When It’s Time for a Professional Coach


(From the July 2022 Edition of eFORUM)

By Kelly Maxwell


It comes as no surprise that experts in their profession have coaches that guide them to continuously improve and achieve their goals.

A business coach is very similar. Even those who believe they have perfected their skills can benefit from coaching. There is always an advantage to new perspectives and ideas. Especially in the financial services industry. Your advisory business is never stagnant so there are always opportunities, environment changes, and new goals to achieve.

Many advisors do not have a natural ability in all areas of running a business, and that’s where a coach can be a valuable asset. Effective coaches help advisors run their organization like a business by focusing on what matters most to achieve success and business momentum. They provide new perspective, focus, accountability, and implementation.

A coach will help you clarify your vision and how that fits with your personal goals. They will help you attract and keep the right team members, improve profitability, build recurring revenue, and increase equity. An effective coach is devoted to helping clients achieve a refreshed focus, increase their confidence, and feel like they are in control of their lives and their business.

So, how do you decide it is time to hire a coach?
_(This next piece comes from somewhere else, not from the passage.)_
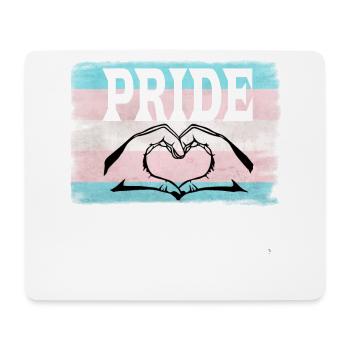 Transgender Pride - Mouse Pad (horizontal) - white - Front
These are the most common reasons why advisors decide to take this step.

They want to move ahead of the curve

There are massive opportunities available for the best advisors. The financial industry continues to face substantial change. There is downward pressure on fees, increasing regulation, less support from companies, and clients are more demanding. Those who anticipate and embrace change, with the help of a coach, will be ahead of the curve.
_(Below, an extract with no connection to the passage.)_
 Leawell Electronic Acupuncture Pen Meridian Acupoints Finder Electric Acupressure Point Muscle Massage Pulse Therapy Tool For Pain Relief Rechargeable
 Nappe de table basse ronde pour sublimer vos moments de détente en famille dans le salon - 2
They feel like their wheels are spinning with no movement

It is common for most businesses to reach a business plateau where progress slows down. When a team stops building momentum, this can make advisors feel overwhelmed, diffused, reactive, tired, and stuck. They may feel like they are no longer in control and their business is running them versus the other way around. This is when you need to inject something new into your business to avoid a business decline. A coach can help you jump back into growth mode by focusing on what matters.

They want to know what successful advisors are doing

This can feel like a lonely business. If you are working with a reputable coach they should have a number of established clients. Advisors benefit from a coach who can share what other advisors are doing and help them implement similar strategies and tactics. You might also be able to participate in group sessions with your coach that include advisors who work with the same company as you do.

They want to focus on their agenda

Training and coaching programs offered internally have limited resources and are focused on the firm’s agenda. With a coach, you can focus on  building your own business. You can be completely honest and, at times, vulnerable with your coach. It’s a different relationship than your company’s training programs.

They want to run their business like a business

Advisors wear many hats. In one day, they could hire an assistant, provide financial advice to clients, present their unique value in a few prospect meetings, and have a strategy meeting with their team. As many advisors discover along the road, they need help with maximizing their time. This requires not just technical and sales skills, but proficiency in creating vision and direction, building and leading teams, brand differentiation, and business building.

They understand that ideas are not enough

Ideas are useless without accountability. You’re wasting your time if you don’t implement, and this is where a coach becomes extremely helpful.

There are three components to an effective coaching relationship. All are necessary to execute effectively to realize results and experience real transformation:

  1. A great coach: a coach who understands you, your team, and your vision. They must have fantastic coaching skills and knowledge of your industry and your business. And of course, you need to be able to have confidence and trust in them. A good fit and connection are critical.
  2. Committed advisor and team: For the coach to be effective, they must have a client and team that is coachable. A team that is willing to invest their time, energy, and money and be open to new ways of doing things — they must have the intent and desire to make change.
  3. Resources, tools, and materials: Another key component for a great coaching relationship is having the right resources, tools, and materials at your fingertips. These could be other key people you work with from the suppliers, carriers, and dealers. It could also be tools or technologies available from those same companies or they may be available from third-party sources.

When all of these components fit together, over a period of time we see amazing results and the coach becomes an extension of the advisory team.



Kelly Maxwell, BBA, is a marketing coach at The Personal Coach.